*** Data for this exercise ***

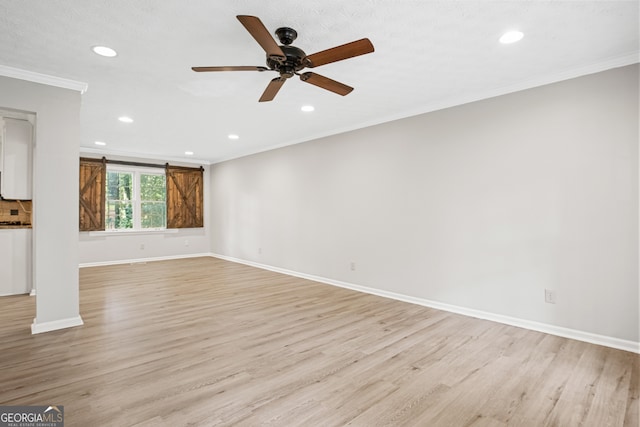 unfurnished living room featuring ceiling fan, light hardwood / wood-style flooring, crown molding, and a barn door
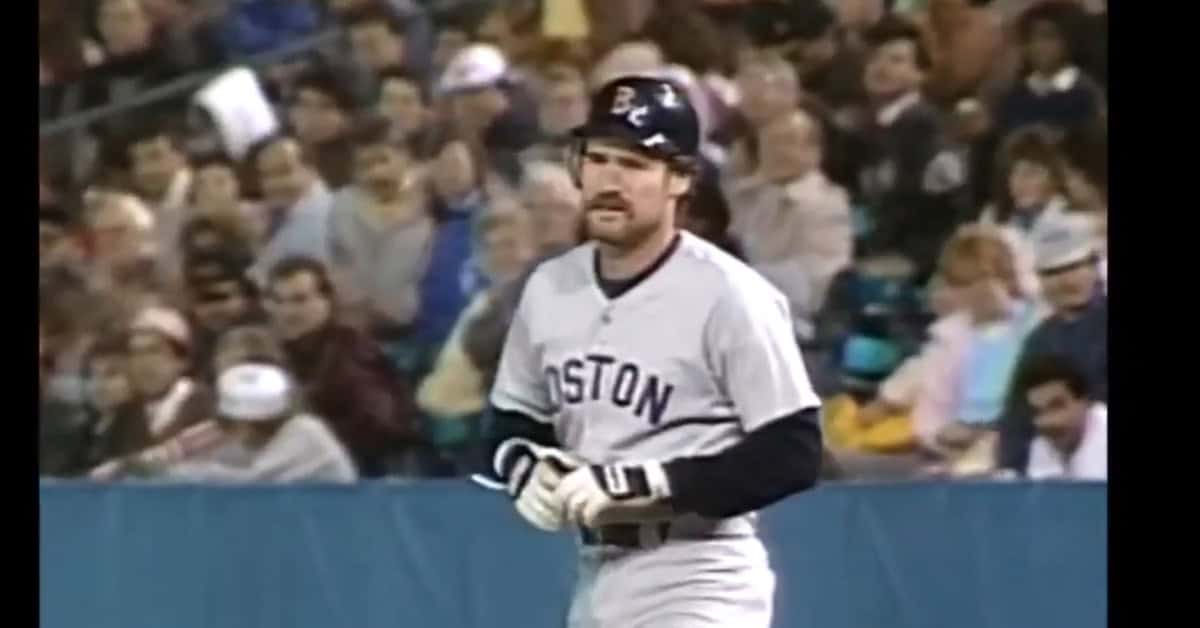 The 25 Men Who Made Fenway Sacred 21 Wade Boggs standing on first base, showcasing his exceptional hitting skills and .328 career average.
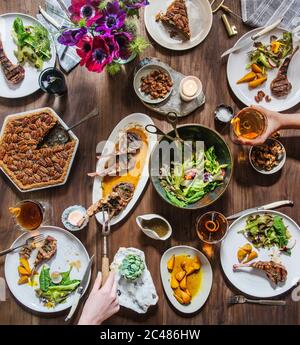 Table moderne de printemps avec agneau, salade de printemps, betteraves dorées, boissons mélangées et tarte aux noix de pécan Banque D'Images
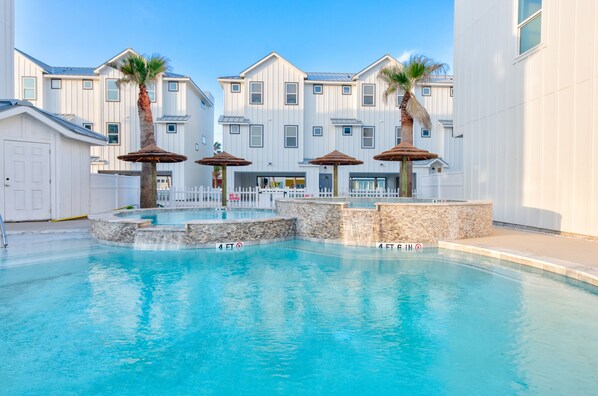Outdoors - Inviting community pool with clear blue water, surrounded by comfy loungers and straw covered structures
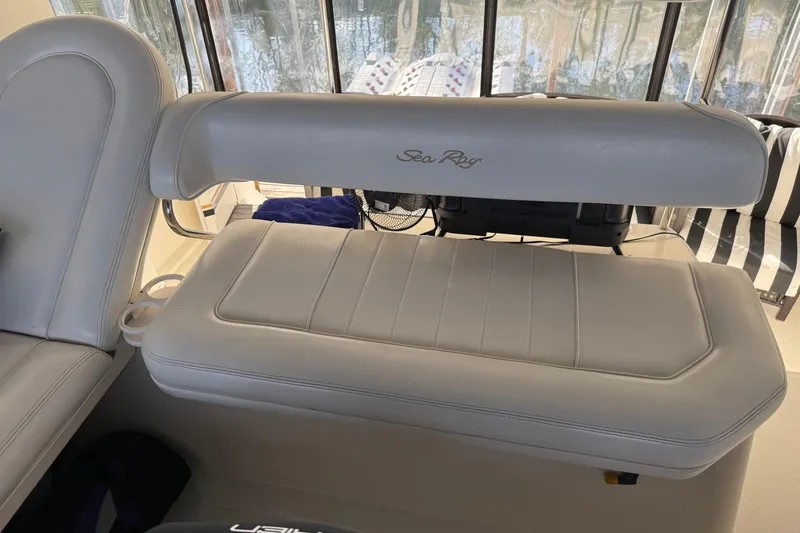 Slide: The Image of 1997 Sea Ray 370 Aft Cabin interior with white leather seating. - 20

*** End of Data for this exercise ***

▶ **The task**: Without reproducing any picture, repeat exactly the lines from the one containing "Table moderne de" through the last line of the material above, both ends included.

▶ **Answer to this problem**:
 Table moderne de printemps avec agneau, salade de printemps, betteraves dorées, boissons mélangées et tarte aux noix de pécan Banque D'Images
Outdoors - Inviting community pool with clear blue water, surrounded by comfy loungers and straw covered structures
 Slide: The Image of 1997 Sea Ray 370 Aft Cabin interior with white leather seating. - 20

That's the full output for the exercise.